Only the lines from the one containing "Let's choose a" to the end of the data below belong in the answer, each repeated exactly; no pictures.

→ Stored data
--- START ---

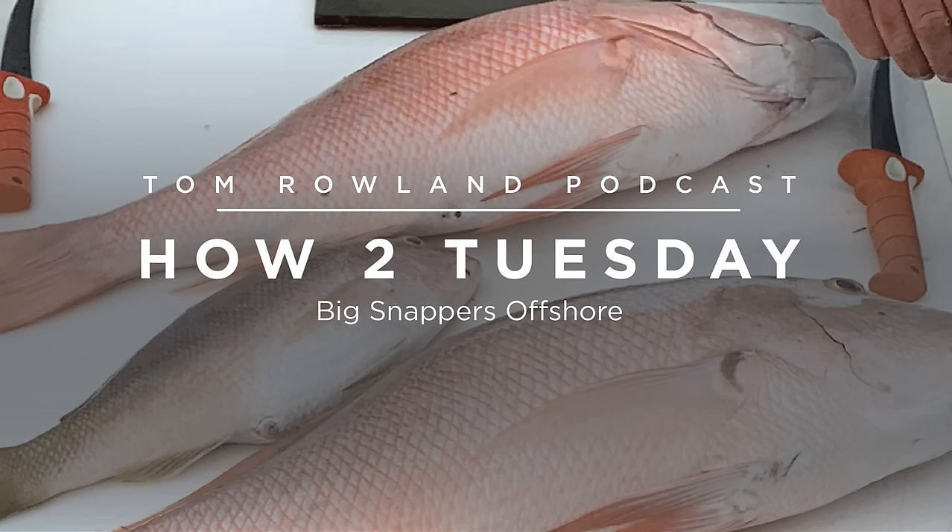Welcome to How-To Tuesday. I asked some people on Instagram about questions they had, and one I really liked was: how do you catch big snappers offshore? I'm not an expert at this, but I've been around some experts. When we're filming 'Into the Blue,' I have the opportunity to fish with Scott Walker and Steve Roger. Steve Roger in particular is very good at catching these big snappers — gray snappers, muttons, or big yellowtail. The guides down in the Key West area have it dialed in.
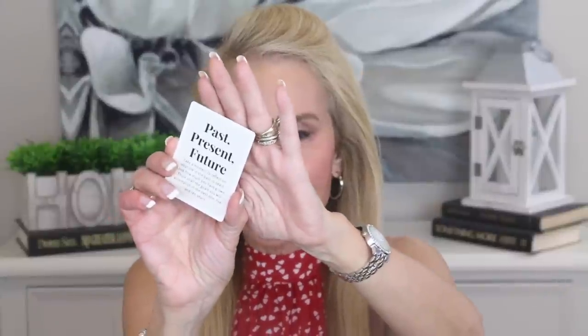Let's choose a card here. This one's interesting — it says: Past, Present, and Future. It says, take a moment to reflect on your life in the past 10 years. Look how much you have grown. Think of all the goals you will accomplish in the next one, five, and 10 years.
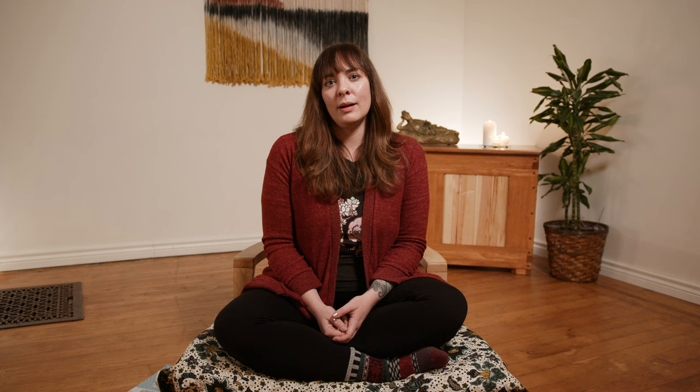So thank you for sitting with me while I did this, and I hope it was helpful to see what focusing looks like in real time. Thanks, guys.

--- END ---

→ Response to the task
Let's choose a card here. This one's interesting — it says: Past, Present, and Future. It says, take a moment to reflect on your life in the past 10 years. Look how much you have grown. Think of all the goals you will accomplish in the next one, five, and 10 years.
So thank you for sitting with me while I did this, and I hope it was helpful to see what focusing looks like in real time. Thanks, guys.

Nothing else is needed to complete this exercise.